The plaintiff’s certificated intrastate route was from Brooklyn, New York, up through Manhattan to Tarrytown, Peeks-kill, Poughkeepsie, Hudson, Albany, Schenectady, Amsterdam and Palatine Bridge where it joined the other route or routes.

The record discloses that the plaintiff was carrying a great deal of freight for the Great Atlantic & Pacific Tea Co., from Brooklyn, New York, to Syracuse, New York, in 1943 and 1944, and charged the shipper according to the more expensive interstate route over which the shipments actually moved while the shipper demanded that its goods move over the cheaper intrastate route and that it (shipper) receive the benefit in its shipping charges. With this request plaintiff refused to comply and the shipper then complained to the Interstate Commerce Commission.

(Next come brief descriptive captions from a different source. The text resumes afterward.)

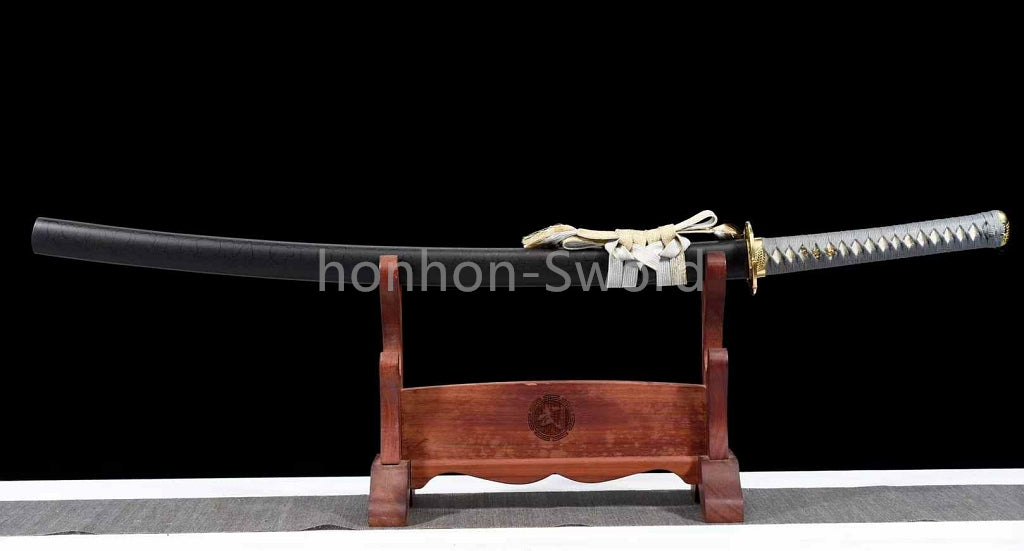Japanisches Samurai-Schwert Katana aus schwarzem gefaltetem Stahl, Full Tang, handgefertigt, scharfe Klinge, schwarz 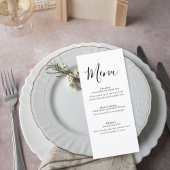 Simple Formal Wedding Menu Card メニュー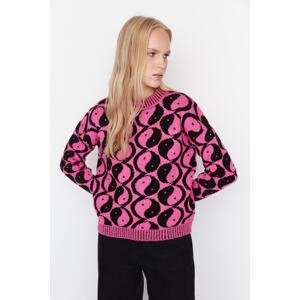 Trendyol Fuchsia Žakár-úpletový sveter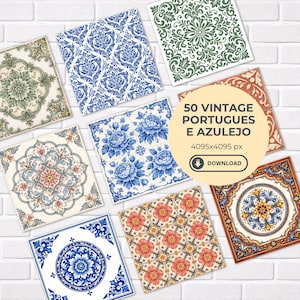 May include: Nine square vintage Portuguese azulejo tiles with floral and geometric patterns in blue, green, red, and gold are displayed. The tiles are arranged on a white brick background. A circular graphic reads "50 Vintage Portugues e Azulejo".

The portion of the report and decision of the Commission complained of is as follows:

“We further find that the action of the defendant in transporting the shipments under consideration herein over its interstate route, instead of over its lower rated intrastate route, was an unreasonable practice, and that a reasonable practice would have been to transport such shipments over its authorized intrastate route and to apply to such transportation the lower intrastate rates legally applicable thereto.
“The record does not clearly establish the manner in which complainant’s shipments are being transported at present. The defendant (plaintiff here) will be expected to cease and desist from the practice found unlawful. If it does not, and the matter is called to our attention by the complainant, we shall give consideration to the entry of an appropriate order. The proceeding will be closed.”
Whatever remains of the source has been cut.